Observando o que foi relatado até este ponto, podemos dizer que a noção de enunciado se encontra presente em Fairclough embutida na noção de gênero discursivo, o que não é diferente no pensamento bakhtiniano.

Entretanto, recorrendo à seguinte citação do autor britânico, após este nos fornecer uma breve panorâmica sobre o conceito bakhtiniano de enunciado: “enunciados – 'textos' em meus termos – são inerentemente, intertextuais, constituídos por elementos de outros termos.” (FAIRCLOUGH, 1992: 134). E aqui pode-se indagar: Até que ponto essa mudança faz sentido? Pode trazer algum tipo de conseqüência não benéfica?. Se bem que, retomando algo dito anteriormente neste ensaio, Fairclough utiliza uma categoria “força dos enunciados” para a análise do discurso como texto. Certamente aqui é necessário rever as definições destes conceitos tanto em termos bakhtinianos, quanto faircloughianos, etapa relevante do projeto, ao qual tenho dado prosseguimento, o qual busca compreender como se constitui a ADC.

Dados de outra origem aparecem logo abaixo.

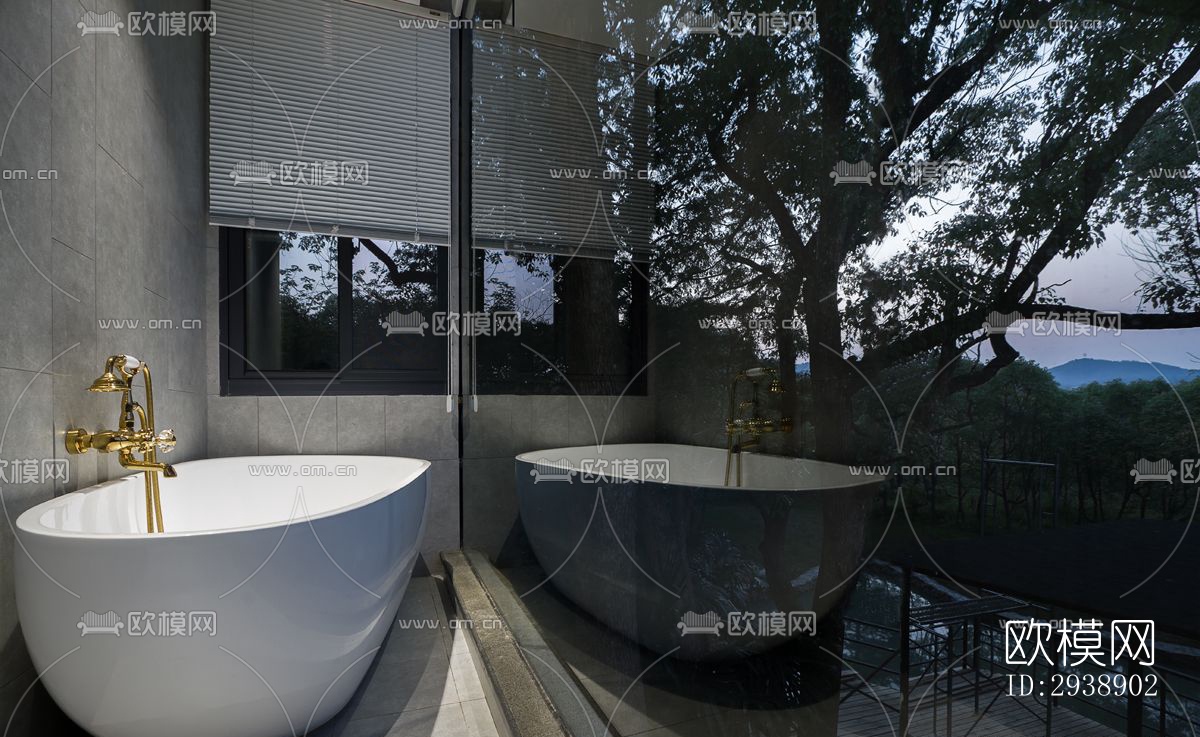 中式酒店民宿效果图下载（渲染图17）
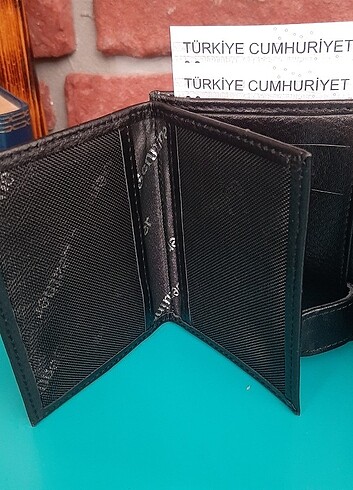 Hakiki Deri Erkek Bozuk Para Gözlü Siyah Mini Cüzdan gvn-0116 - Görsel 4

Ainda em Estética da Criação Verbal, Bakhtin dedica um capítulo às problemáticas acerca do texto. Em tal capítulo encontramos a afirmação de que o texto representa uma realidade imediata do pensamento e da emoção, e estudar estes é o diferencial das ciências humanas, que também não deixam de ser constituídas por pensamentos emoções. Nas palavras de Bakhtin:

O que nos interessa, nas ciências humanas, é a história do pensamento orientada para o pensamento, o sentido, o significado do outro, que se manifestam e se apresentam ao pesquisador somente em forma de texto. Quaisquer que sejam os objetivos de um estudo, o ponto de partida só pode ser o texto. (BAKHTIN, 2000)

Poderíamos considerar o texto como um enunciado objetivado perante a ótica de um pesquisador?

Bakhtin também procura delimitar as fronteiras do texto, afirmando que enquanto enunciado o texto é determinado por dois fatores: seu projeto, ou intenção, e a execução desse projeto. E como enunciado, o texto também refrata outros textos como enunciados. O autor também se refere a bipolaridade do texto. Cada texto pressupõe um sistema compreensível para todo, uma língua, que no texto corresponde-lhe a tudo quanto é repetitivo e reproduzível, que pode também existir fora de um mesmo texto, estando presente em outros textos. Por outro lado, cada texto, como enunciado é individual, único e irreproduzível, residindo nisso o seu sentido. Aqui podemos pensar no texto como algo entre o sistema e os enunciados. E isto é só uma parte do que Bakhtin relata a respeito da problemática do texto. De qualquer modo indago: todo enunciado é um texto, mas nem todo texto é necessariamente um enunciado? Será que é dessa forma que podemos compreender a analogia que Fairclough faz entre enunciado e texto em sua obra? Qual pólo do texto se encontra mais destacado na teoria do autor britânico? Levando em consideração que para a análise do texto as categorias de vocabulário, coesão e gramática são relevantes, podemos afirmar que em Fairclough, o texto é mais estrutura do que enunciado. Entretanto ao se referir a relação intertextual existente entre os textos, Fairclough os aproxima mais da noção de enunciado, mas ao enunciado relativamente estável, ou seja o o gênero.

Ao que parece, tratando de enunciados relativamente estáveis, Fairclough leva em consideração em consideração a dinamicidade e heterogeneidade inerente a estes. Entretanto o tratamento do enunciado como unidade real concreta, se encontra problemática.

Logicamente essa é uma etapa ainda inacabada do projeto a que tenho dado prosseguimento, e neste ponto ainda nos encontramos fazendo indagações a respeito da primeira fase da Análise de Discurso Crítica em Fairclough, certamente algumas respostas (e porque não mais questões?) podem surgir a medida que o projeto avançar.